Edit: Better layout.


Last edited by FredO on 23 March 2017 at 6:27 pm UTC
qgnox 23 Mar, 2017
[quote=buenaventura]I [quote=Eike]
Quoting: buenaventurashedutil <--- INTRUIGING, what is this? I google and it seems like some newfangled stuff? I wonder if that will be even better than Performance!

Still, why does it only go up to 2,00ghz? Says right on the sticker on my lappy "up to 2.4 ghz", bullshiet :P
If you want to use the 2.4GHz with schedutil governor add intel_pstate=passive in the boot kernel line. I'm using it and my hasswell cpu in the laptop has lower temperature than using only intel_pstate (powersave / performance) when there's not much load.
buenaventura 23 Mar, 2017
[quote=qgnox][quote=buenaventura]I
Quoting: Eike
Quoting: buenaventurashedutil <--- INTRUIGING, what is this? I google and it seems like some newfangled stuff? I wonder if that will be even better than Performance!
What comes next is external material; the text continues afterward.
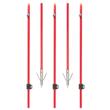 Cajun Bowfishing Fiberglass Arrow 32" w/ Piranha Point XT - Red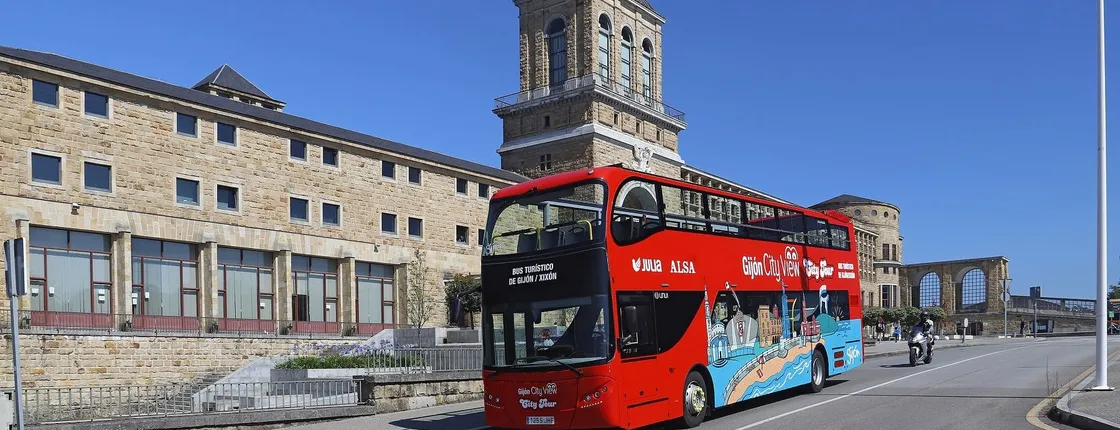 Gijón city tour hop-on hop-off bus tickets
Still, why does it only go up to 2,00ghz? Says right on the sticker on my lappy "up to 2.4 ghz", bullshiet :P
If you want to use the 2.4GHz with schedutil governor add intel_pstate=passive in the boot kernel line. I'm using it and my hasswell cpu in the laptop has lower temperature than using only intel_pstate (powersave / performance) when there's not much load.

Well my CPU is an AMD A8-6410, so I guess I can't do that right?

I still wonder how I can get it to be 2.4 and not just 2. You would think that that would make a difference.
Hedaja 24 Mar, 2017
I think that's nothing only related to Linux. I did some gaming on my father's laptop for a while. And without setting it to performance I had games running very poorly.
But I always had the CPU-Indicator in Ubuntu and therefore never had troubles changing it. I also do it for other CPU intensive stuff. I still have to take a closer look at schedutil.
elmapul 24 Mar, 2017
Quoting: marcushttps://www.kernel.org/doc/Documentation/cpu-freq/intel-pstate.txt

plain text in 2017? common! i'm a human being! i hate being Treated as a machine!
stan 24 Mar, 2017
  • Supporter
Quoting: elmapulplain text in 2017? common! i'm a human being! i hate being Treated as a machine!